[[ RECORDS TO PROCESS open ]]

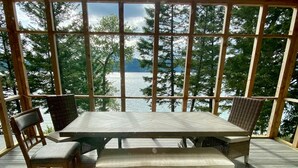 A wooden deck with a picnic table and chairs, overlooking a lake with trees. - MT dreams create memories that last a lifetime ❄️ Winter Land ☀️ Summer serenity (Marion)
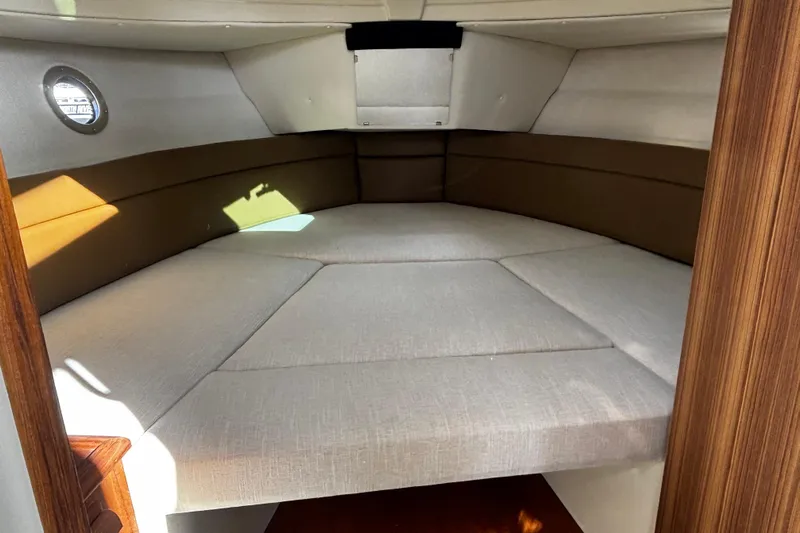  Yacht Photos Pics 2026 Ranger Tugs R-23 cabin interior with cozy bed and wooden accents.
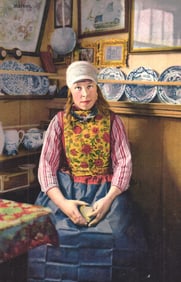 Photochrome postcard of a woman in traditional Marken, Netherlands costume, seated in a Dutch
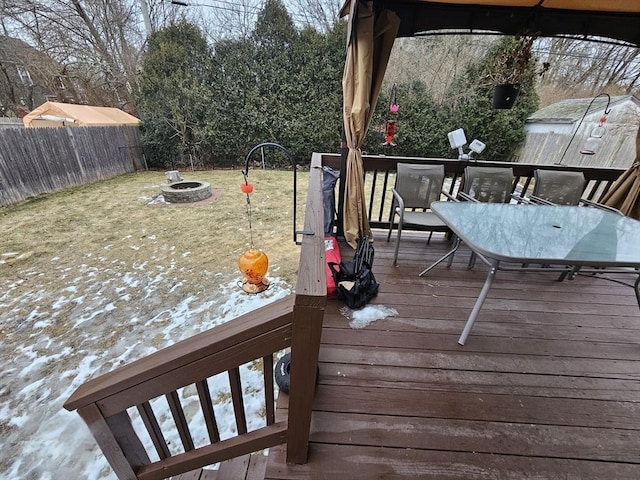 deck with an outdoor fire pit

[[ RECORDS TO PROCESS closed ]]
[[ RECORDS TO PROCESS open ]]

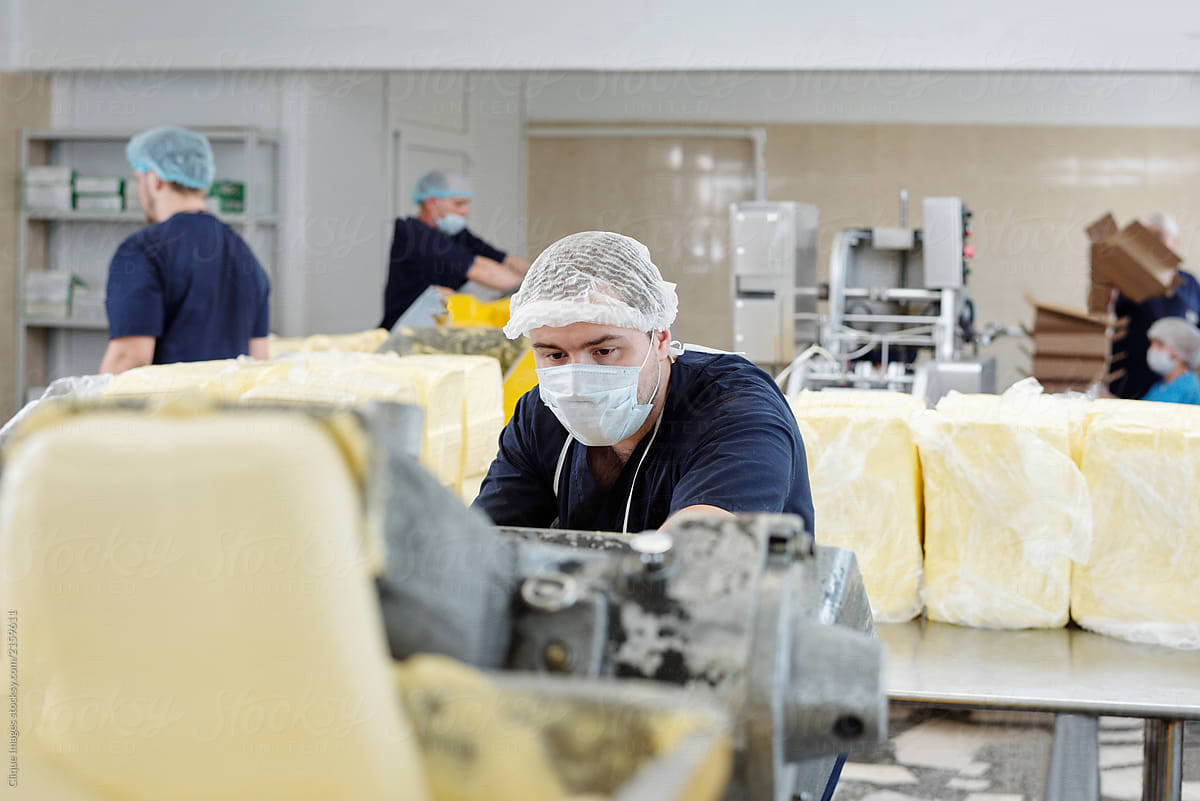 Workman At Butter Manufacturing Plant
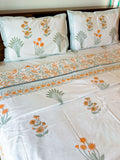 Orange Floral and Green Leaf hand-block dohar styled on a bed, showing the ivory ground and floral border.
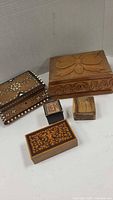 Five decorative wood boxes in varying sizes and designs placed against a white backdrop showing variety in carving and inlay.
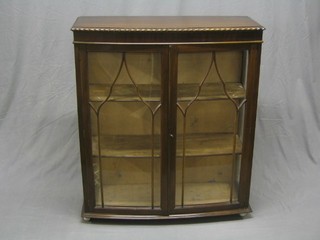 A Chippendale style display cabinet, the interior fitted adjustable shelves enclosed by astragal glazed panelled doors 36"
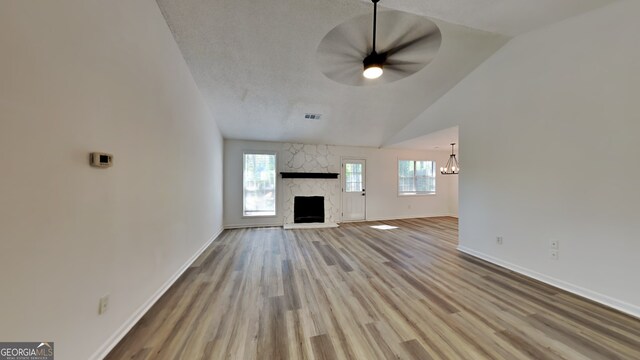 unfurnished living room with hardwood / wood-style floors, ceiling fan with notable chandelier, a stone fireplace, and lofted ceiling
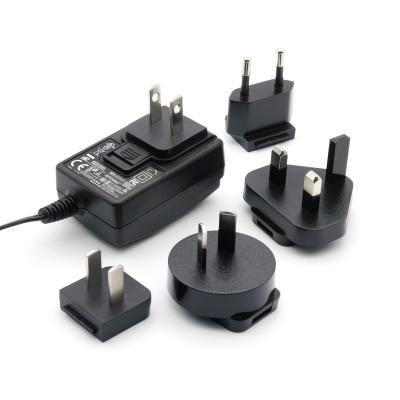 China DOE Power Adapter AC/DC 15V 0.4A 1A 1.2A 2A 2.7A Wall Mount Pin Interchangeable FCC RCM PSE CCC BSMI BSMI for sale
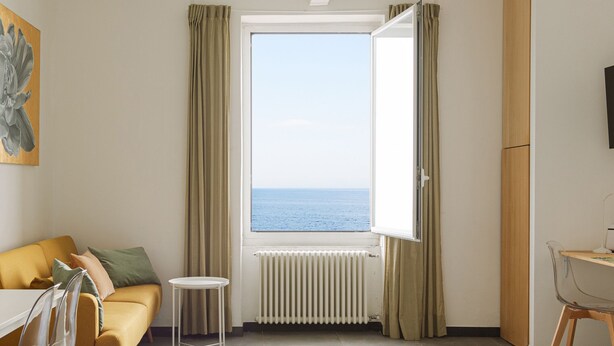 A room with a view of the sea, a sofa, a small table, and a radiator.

[[ RECORDS TO PROCESS closed ]]

• [HOW TO COMPLETE THIS TASK]: Each line above that falls between the line with "unfurnished living room" and the line with "A room with" should be printed exactly, together with those two lines, but the pictures should not.

• [EXERCISE RESPONSE]:
 unfurnished living room with hardwood / wood-style floors, ceiling fan with notable chandelier, a stone fireplace, and lofted ceiling
 China DOE Power Adapter AC/DC 15V 0.4A 1A 1.2A 2A 2.7A Wall Mount Pin Interchangeable FCC RCM PSE CCC BSMI BSMI for sale
 A room with a view of the sea, a sofa, a small table, and a radiator.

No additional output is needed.